Edit: Derek beat me to the punch!


----------



## Anvilx (Dec 8, 2009)

Excuse me, I meant NM. I did put Non Metallic in the tags though, (NM was to short a term) so not a complete failure.


----------



## shiben (Dec 9, 2009)

Ahhhh got it. In the part of the Chicago suburbs I am from, you have to put any wiring in a home in EMT, and thats really the only place I ever dealt with wiring, other than at a theater with raceways. Now im really confused, because I cant figure out why you would want an extension made out of romex in the first place... I like my SOOW.


----------



## gafftapegreenia (Dec 9, 2009)

shiben said:


> Now im really confused, because I cant figure out why you would want an extension made out of romex in the first place... I like my SOOW.



Again, YOU DON'T, and the people who made it in the first place need to have their sanity questioned.


An entire house EMT? That's gotta be a pain.


----------



## Anvilx (Dec 9, 2009)

shiben said:


> Now im really confused, because I cant figure out why you would want an extension made out of romex in the first place... I like my SOOW.



Money?

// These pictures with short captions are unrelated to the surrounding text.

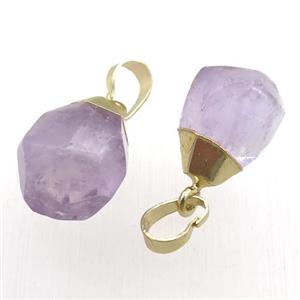 Amehyst pendant, faceted teardrop, approx 12-16mm [GM15245]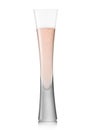 Pink rose champagne flute luxury crystal glass on white background Royalty Free Stock Photo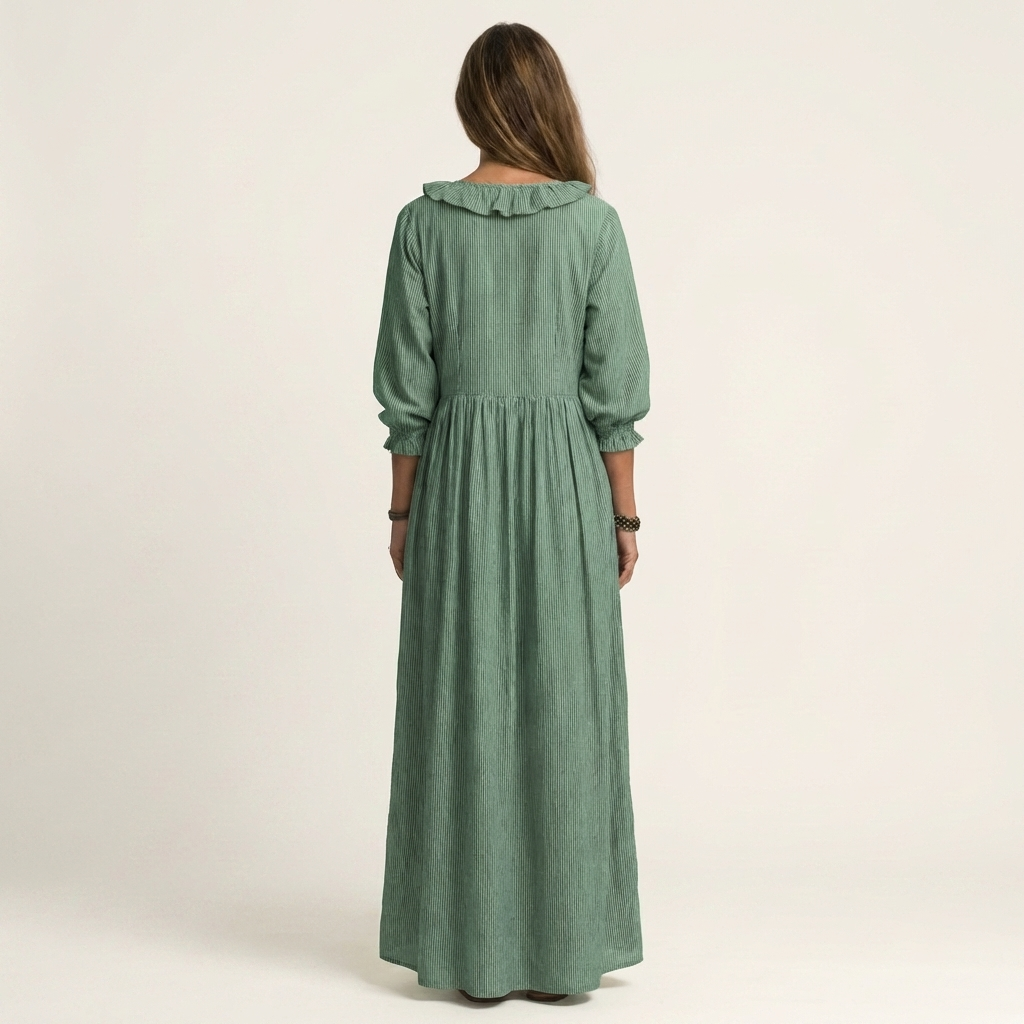 Yosetta | Vestido largo de rayas con escote en V de volantes y mangas farol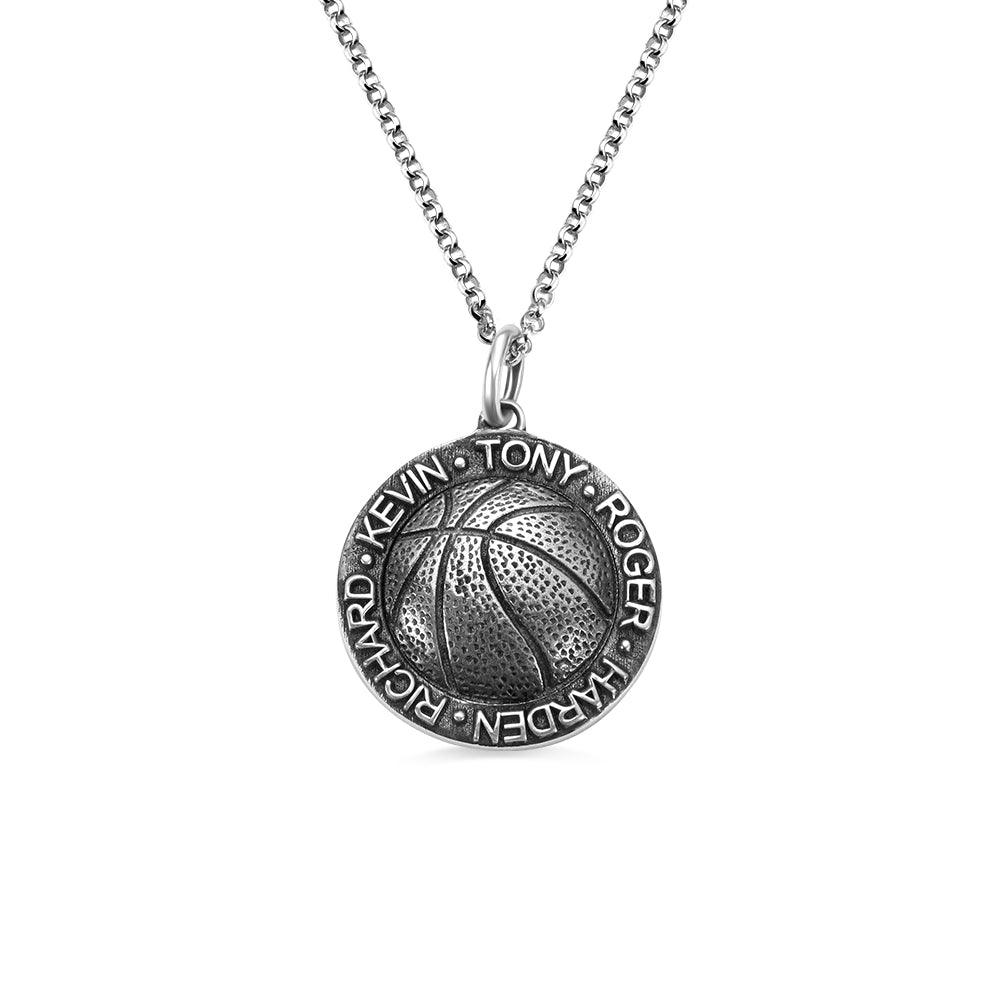 Basketball Necklace with Names 925 Silver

I don't know. What is the price of romex vs SOOW?


----------



## mstaylor (Dec 9, 2009)

EMT or MC wiring? I would EMT to be cumbersome in home construction.


----------



## erosing (Dec 9, 2009)

It's not money, per foot SOOW is close enough to NM that it wouldn't be cost effective. As of yesterday my local Home Depot had SOOW (10 ga.) for $1.22 and NM was $1.72. 

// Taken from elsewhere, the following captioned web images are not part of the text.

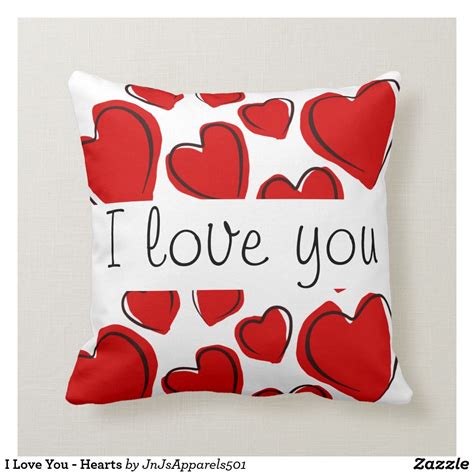 I Love You Hearts Throw Pillow Throw Pillows Pillows
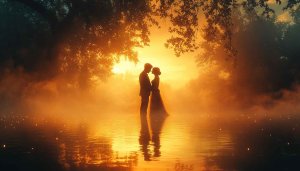 Romantic Couple Wallpaper: Golden Hour Love Theme for Desktop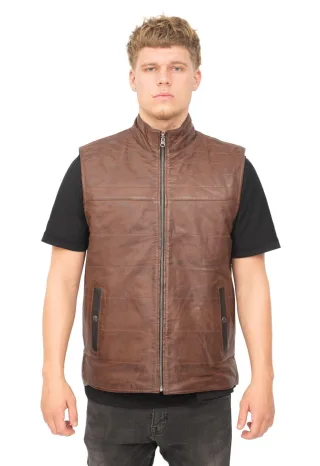 Herren Wende-Gilet-Preston aus schwarzem und braunem Leder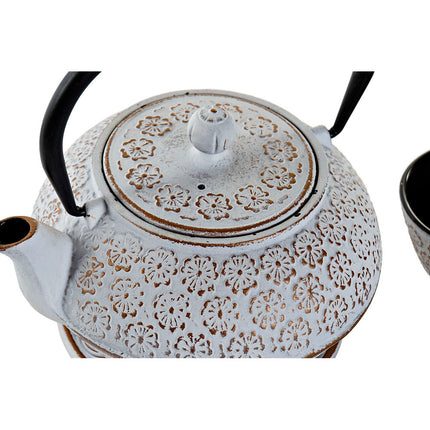 Teekanne DKD Home Decor Weiß (4 pcs)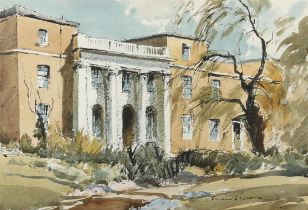 Edward Wesson (British 1910-1983), View of Brompton Barracks in Chatham, Kent, watercolour,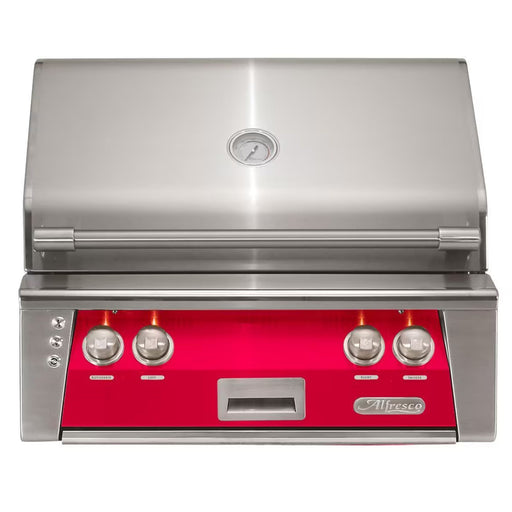 Alfresco 30-Inch Built-in Stainless Steel Gas Grill w/ Rotisserie & Sear Zone in Raspberry Red | GW STORE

I think the SOOW (12 ga.) was about $0.10 cheaper than the SOOW (12 ga.).


----------



## shiben (Dec 10, 2009)

mstaylor said:


> EMT or MC wiring? I would EMT to be cumbersome in home construction.



I believe its all EMT, as pretty much all homes and all new constructions have solid, metallic conduits for everything except tail outs to lighting fixtures, where flexible metal conduit is used. The codes in my hometown are fairly strict tho, all new houses need to have fire suppression systems of some type and central alarm systems installed, though its probably a city code and not an IL thing. Here in Michigan NM is pretty common, but it leads to some seriously sketchy stuff going on near the breaker box, at least in my old house.


----------



## tjrobb (Dec 10, 2009)

In 2012 the Resi code is going to mandate residential sprinklers for ALL new home construction. I imagine that's going to make things interesting...


----------



## shiben (Dec 10, 2009)

tjrobb said:


> In 2012 the Resi code is going to mandate residential sprinklers for ALL new home construction. I imagine that's going to make things interesting...



And expensive. Funny thing is, a sprinkler system going off is incredibly damaging to a home, I have heard it can cause more damage than the fire itself if a small fire trips it, however, im a theater geek, not a house builder.


----------



## fredthe (Dec 10, 2009)

shiben said:


> And expensive. Funny thing is, a sprinkler system going off is incredibly damaging to a home, I have heard it can cause more damage than the fire itself if a small fire trips it, however, im a theater geek, not a house builder.


Sprinkler systems were a requirement in my county in MD 15 years ago. Residential systems usually have individual heat-activated heads, so a false trip is pretty unlikely, and it's only going to set off one head. A fire big enough to set it off is already going to cause a fair bit of damage.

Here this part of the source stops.